Kanawa Land Vehicles
- Cover art by Erik Van der Palen
- Designers: Nigel Findley
- Publishers: West End Games
- Publication: 1992; 33 years ago
- Genres: Science fiction
- Systems: Torg
- ISBN: 0-87431-330-9

= Kanawa Land Vehicles =

Science fiction role-playing game supplement

Kanawa Land Vehicles, subtitled "Wheels for the Possibility Wars", is a supplement published by West End Games (WEG) in 1992 for the multi-genre role-playing game Torg.

==Contents==
Kanawa Land Vehicles lists over sixty vehicles available for use in a Torg campaign or adventure with descriptions and game statistics. A few are horse-drawn carriages from the Victorian era such as the sulky. A few internal combustion vehicles from the first half of the twentieth century such as the 1905 Oldsmobile Coach and the 1936 Rolls Royce Phantom are also covered, but the widest range of vehicles is from the latter part of the 20th century. In addition, some high tech "science fiction" vehicles are outlined as well.

Each vehicle has its own page, and is described in detail, with precise characteristics and a schematic drawing.

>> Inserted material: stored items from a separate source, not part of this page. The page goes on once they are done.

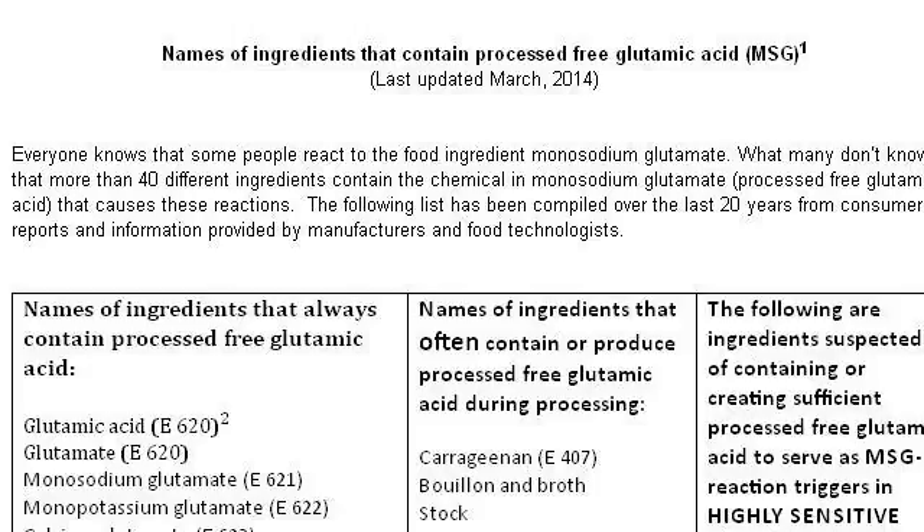Last but not least, try our third ranked site, www.truthinlabeling.org — the web page 'Hidden Sources of MSG,' Truth in Labeling. Here's the link.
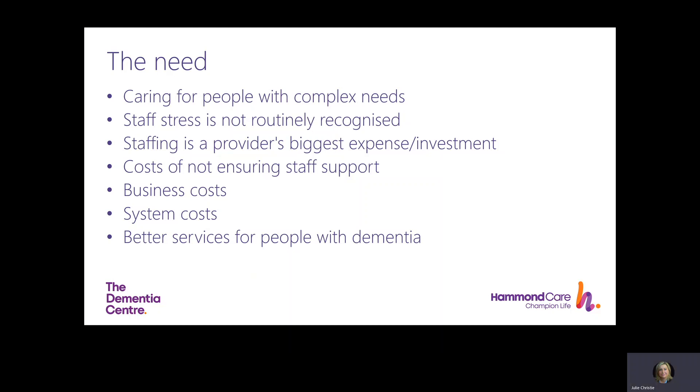Our ambition is to create better services for people with dementia. In 2018, the Alzheimer's Society found that 23% of dementia care services in England were found to be failing. In 2019, 49% of UK adults believed that people with dementia experience worse care and support than people with other long-term care conditions. We can and we must do better.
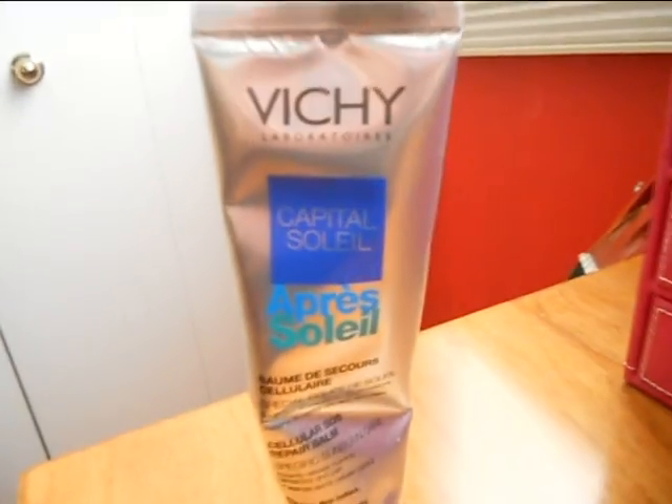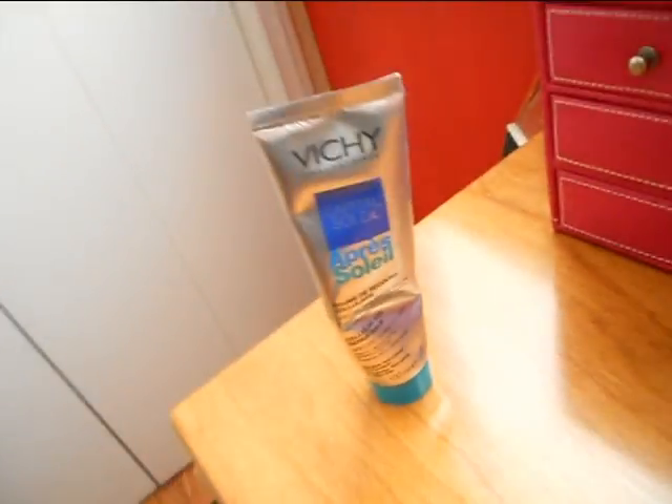Lastly, I'm going to leave you guys with a product that I found to work great for sunburns — it's Vichy's after-sun. It's only in French so I can't read you all the awesome things that are probably in this.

The book also includes ten pages of new Torg rules that cover pursuits, accidents, maneuvers and vehicle combat.

==Publication history==
WEG published the multi-genre role-playing game Torg in 1990, and followed up with a variety of supplements and adventures, including 1992's Kanawa Land Vehicles, a 128-page softcover book designed by Nigel Findley, with interior artwork by Rob Caswell, Stephen Crane, Cathleen Hunter, John Paul Lona, Francis Mao, and Tom Peters, and cover art by Erik Van der Palen.

==Reception==
S. John Ross reviewed Kanawa Land Vehicles in White Wolf #33 (Sept./Oct. 1992), rating it a 3 out of 5 and stated that "If you already have all the books you need, then by all means pick it up. If not, it's no great loss. I only hope that future Kanawa books achieve this level of quality."

In the April 1993 edition of Dragon (Issue 192), Rick Swan found Kanawa Land Vehicles "disappointing... Kanawa doesn't manage anything more interesting than an armored carriage or a Chevrolet Sportvan." He concluded that it was "A curiously flat effort."

In Issue 6 of RPG Review, Lev Lafayette found the new rules for vehicles "particularly useful", but noted that "As with previous publications of this ilk, the page-per-vehicle is quite wasteful."